Mi pareja ha ganado peso (o mi madre, o mi amigo...). ¿Cómo le digo que debe adelgazar?

Mi pareja ha ganado peso (o mi madre, o mi amigo...). ¿Cómo le digo que debe adelgazar? Seguro que tu ser querido también se ha dado cuenta. Pero no es recomendable decirle a alguien de forma directa “deberías ponerte a dieta”, porque lo más importante es respetar la predisposición del otro al cambio.

 

“Sabemos que decirle a alguien que debe adelgazar es más que contraproducente. Podríamos llegar a crear un rechazo al tema o incluso a que se rebelen si somos demasiado insistentes. Y aún peor, podríamos incluso favorecer el efecto contrario. Hay muchos casos de personas con sobrepeso u obesidad que se sienten tan presionadas por su entorno que, en lugar de mejorar los hábitos alimenticios, acaban por tener verdaderos problemas en su relación con la comida”, explica Esther Farré, coach nutricional de entulinea de Weight Watchers.  

 

¿Cuándo plantearlo? El inicio del año, el final de la Semana Santa y de las vacaciones son las épocas más propicias, porque estamos dispuestos a cambiar hábitos, cuidarnos, ponernos a dieta... El mejor momento para hablar es cuando la otra persona saca el tema.

La conversación

Lo ideal es abordar la conversación de manera indirecta y coloquial para que nuestro amigo o pariente se manifieste sobre el asunto. Una buena manera sería iniciando la charla en primera persona del plural. Por ejemplo: “Durante las vacaciones todos hemos ganado algún kilito que, cuanto más pronto nos quitemos de encima, mejor’”. Puedes comentar sobre algún artículo que hayas leído al respecto y esperar a que se manifieste. Es muy importante que el tono siempre sea amable y con mensajes positivos.

 

“Hay una frase que yo uso mucho en mis sesiones de coach nutricional: ‘Todos somos delgados y con tipos estupendos, lo que pasa es que a veces se nos ponen encima unos kilitos de más que no dejan verlo.
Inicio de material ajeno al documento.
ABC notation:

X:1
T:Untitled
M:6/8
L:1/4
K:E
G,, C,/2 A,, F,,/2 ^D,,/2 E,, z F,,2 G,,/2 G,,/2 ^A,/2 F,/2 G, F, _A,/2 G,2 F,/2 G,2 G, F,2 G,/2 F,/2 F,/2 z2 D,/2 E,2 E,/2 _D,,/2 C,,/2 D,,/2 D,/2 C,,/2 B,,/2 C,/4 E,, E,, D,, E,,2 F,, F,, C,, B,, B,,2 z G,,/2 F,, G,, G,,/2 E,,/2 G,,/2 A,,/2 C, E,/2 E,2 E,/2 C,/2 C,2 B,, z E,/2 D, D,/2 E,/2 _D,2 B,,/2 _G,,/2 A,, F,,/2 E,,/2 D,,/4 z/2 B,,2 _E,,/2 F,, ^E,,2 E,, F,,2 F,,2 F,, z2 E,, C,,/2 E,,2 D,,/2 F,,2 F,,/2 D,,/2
Pero eso tiene solución y es algo que por suerte nos podemos quitar de encima y para siempre’”, apunta la experta.

Mensajes prohibidos

Hay que descartar los mensajes negativos, despectivos y la crítica sobre su actitud o su modo de alimentación. No se puede ayudar a nadie echándole en cara lo que hace mal. Tampoco es aconsejable utilizar el “deberías”, porque puede conducir al rechazo. La palabra “gordo/a” está fuera de lugar y hace daño. Podemos sustituirla por “esos kilitos de más que llevamos encima y no nos hacen falta para nada”, y siempre con un mensaje de refuerzo positivo.

 

Mejor en otro momento

Si planteas el tema y notas rechazo, lo mejor es dejar pasar un tiempo (un tiempo de verdad, no unas horas). Es nuestro ser querido quien debe dar el paso y debe saber que estaremos ahí como apoyo.